Had an interesting thought this morning. Or rather, an interesting train of thought.
I was idly thinking about Thor: The Dark World, wondering which of my friends I would be able to get together for a viewing, when I idly wondered how they were going to make it possible for Jane Foster to slap Loki and have him actually feel it:
Remember, Loki is a runt frost giant. He survived a beating from the Hulk with no long-term effects. And a puny human with no combat training just turned his head pretty good there.
That got me thinking about the Marvel Cinematic Universe superheroes and their abilities to hurt and be hurt in general, which led me to thinking about who was the better fighter.
Not “who would win the fight”. That’s the classical nerd argument I’m referring to, but it’s not really in question here.
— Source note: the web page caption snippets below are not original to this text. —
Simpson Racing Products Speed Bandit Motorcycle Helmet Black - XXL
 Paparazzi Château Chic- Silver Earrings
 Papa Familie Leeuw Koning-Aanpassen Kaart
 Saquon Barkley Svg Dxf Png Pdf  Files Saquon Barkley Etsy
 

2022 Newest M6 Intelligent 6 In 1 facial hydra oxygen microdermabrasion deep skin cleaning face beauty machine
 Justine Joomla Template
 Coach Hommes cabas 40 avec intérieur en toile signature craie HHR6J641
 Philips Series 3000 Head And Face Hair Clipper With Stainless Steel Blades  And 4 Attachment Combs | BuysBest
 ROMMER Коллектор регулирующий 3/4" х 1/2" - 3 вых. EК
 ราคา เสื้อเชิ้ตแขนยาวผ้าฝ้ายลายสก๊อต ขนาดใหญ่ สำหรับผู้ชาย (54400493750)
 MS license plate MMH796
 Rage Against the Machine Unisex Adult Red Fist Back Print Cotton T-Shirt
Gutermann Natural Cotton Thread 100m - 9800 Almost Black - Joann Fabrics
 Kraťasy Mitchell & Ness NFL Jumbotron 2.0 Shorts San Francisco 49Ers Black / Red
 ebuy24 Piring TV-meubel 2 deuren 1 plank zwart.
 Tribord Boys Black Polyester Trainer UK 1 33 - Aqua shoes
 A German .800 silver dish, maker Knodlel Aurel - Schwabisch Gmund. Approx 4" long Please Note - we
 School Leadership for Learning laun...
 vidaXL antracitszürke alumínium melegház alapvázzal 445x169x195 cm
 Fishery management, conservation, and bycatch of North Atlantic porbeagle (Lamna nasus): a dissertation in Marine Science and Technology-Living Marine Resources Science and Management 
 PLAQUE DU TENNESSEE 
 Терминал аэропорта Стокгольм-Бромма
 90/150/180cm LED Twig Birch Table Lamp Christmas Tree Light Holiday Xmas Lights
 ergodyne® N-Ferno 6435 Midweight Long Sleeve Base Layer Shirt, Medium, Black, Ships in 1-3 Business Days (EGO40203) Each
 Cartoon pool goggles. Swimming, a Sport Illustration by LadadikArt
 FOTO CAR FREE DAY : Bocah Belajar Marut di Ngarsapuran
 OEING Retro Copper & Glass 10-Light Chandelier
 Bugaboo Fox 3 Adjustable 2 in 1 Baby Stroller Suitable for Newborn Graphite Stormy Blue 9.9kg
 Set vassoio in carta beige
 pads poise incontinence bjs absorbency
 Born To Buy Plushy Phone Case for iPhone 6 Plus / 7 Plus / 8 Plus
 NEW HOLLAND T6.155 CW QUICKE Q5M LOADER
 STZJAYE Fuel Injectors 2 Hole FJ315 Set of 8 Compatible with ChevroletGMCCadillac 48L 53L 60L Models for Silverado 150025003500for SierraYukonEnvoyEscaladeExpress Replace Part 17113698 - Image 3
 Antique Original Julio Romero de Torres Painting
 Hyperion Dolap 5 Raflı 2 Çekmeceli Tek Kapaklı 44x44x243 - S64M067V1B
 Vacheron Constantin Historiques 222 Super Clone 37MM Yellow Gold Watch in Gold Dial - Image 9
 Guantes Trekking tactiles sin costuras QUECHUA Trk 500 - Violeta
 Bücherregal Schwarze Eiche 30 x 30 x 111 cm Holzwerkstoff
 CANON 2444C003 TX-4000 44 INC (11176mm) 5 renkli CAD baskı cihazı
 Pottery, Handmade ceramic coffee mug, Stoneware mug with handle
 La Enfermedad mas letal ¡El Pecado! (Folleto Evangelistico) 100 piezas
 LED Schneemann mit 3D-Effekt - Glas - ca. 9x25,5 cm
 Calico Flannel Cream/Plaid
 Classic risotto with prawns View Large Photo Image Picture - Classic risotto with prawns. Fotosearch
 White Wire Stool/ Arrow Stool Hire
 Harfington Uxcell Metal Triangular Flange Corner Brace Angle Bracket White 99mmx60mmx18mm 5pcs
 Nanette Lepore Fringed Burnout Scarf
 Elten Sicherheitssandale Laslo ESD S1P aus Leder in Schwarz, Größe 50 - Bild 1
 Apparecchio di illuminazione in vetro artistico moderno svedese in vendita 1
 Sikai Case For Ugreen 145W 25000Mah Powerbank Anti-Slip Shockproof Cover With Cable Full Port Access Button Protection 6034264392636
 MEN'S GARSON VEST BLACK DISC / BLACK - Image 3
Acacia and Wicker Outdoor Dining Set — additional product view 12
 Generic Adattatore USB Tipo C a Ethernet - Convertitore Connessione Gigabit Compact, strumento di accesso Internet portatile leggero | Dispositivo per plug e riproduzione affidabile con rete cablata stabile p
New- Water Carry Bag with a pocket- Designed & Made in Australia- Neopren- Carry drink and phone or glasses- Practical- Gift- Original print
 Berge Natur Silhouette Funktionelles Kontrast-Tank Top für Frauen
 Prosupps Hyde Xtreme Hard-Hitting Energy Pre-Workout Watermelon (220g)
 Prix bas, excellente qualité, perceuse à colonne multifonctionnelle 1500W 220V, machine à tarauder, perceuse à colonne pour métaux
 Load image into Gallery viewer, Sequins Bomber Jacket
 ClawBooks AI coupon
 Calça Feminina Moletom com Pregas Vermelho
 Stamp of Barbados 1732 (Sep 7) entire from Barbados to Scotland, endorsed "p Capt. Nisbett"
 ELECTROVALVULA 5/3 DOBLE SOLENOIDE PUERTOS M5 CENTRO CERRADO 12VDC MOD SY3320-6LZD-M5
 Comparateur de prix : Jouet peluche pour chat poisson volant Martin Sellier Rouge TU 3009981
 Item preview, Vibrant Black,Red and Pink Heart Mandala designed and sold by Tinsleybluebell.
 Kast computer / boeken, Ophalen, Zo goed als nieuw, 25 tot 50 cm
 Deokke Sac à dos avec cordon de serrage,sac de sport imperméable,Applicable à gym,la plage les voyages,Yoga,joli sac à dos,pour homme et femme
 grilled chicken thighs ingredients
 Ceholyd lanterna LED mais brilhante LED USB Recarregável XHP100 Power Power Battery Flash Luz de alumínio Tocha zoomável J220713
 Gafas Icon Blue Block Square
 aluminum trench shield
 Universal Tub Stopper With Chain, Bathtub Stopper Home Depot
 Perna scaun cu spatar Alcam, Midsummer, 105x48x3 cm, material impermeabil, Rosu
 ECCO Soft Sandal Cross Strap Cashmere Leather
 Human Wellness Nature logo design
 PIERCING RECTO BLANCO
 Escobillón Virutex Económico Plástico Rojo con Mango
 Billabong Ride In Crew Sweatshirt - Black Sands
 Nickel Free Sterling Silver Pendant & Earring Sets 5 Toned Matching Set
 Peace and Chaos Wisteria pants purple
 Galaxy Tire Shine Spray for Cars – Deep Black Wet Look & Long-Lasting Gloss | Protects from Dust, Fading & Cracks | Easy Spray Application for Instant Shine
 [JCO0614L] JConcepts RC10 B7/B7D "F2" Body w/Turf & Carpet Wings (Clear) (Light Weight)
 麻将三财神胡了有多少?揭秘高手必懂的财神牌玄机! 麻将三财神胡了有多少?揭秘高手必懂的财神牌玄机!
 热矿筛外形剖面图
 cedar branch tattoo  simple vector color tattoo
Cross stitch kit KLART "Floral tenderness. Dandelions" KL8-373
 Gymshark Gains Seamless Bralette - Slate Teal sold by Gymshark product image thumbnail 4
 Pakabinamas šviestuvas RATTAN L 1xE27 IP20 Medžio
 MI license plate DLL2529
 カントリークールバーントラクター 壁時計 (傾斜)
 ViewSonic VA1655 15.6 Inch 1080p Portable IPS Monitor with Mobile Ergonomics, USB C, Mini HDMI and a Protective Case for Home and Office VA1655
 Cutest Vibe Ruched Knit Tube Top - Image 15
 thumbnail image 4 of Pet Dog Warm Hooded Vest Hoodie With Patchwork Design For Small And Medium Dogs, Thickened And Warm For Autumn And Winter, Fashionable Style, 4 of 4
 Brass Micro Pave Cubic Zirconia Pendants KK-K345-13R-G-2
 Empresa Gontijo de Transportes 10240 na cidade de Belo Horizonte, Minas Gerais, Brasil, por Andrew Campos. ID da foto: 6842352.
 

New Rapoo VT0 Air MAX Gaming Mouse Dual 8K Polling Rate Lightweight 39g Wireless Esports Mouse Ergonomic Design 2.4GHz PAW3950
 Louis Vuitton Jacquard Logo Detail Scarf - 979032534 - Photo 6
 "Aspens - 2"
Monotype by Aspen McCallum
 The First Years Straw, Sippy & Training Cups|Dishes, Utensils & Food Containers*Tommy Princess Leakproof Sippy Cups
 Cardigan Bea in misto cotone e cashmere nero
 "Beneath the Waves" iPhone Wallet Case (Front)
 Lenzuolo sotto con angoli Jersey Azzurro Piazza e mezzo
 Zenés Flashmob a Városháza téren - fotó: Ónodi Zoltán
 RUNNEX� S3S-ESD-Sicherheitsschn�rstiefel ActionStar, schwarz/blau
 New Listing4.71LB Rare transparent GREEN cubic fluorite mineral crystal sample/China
We’re not talking about the Justice League here, where each has such extreme superpowers that each is a viable threat to the others, the most powerful member of all is handicapped by a fighting style based on not hurting people, and the one guy with no powers at all knows all the other members’ Achilles’ Heels and has forty-eight backup plans apiece based on them.
No, this is The Avengers, and the disparities in power level are just too extreme. The only one who has any real chance against the Hulk is Thor, and even he would be well-advised to rely on distance attacks. The others simply have no effective way to hurt him.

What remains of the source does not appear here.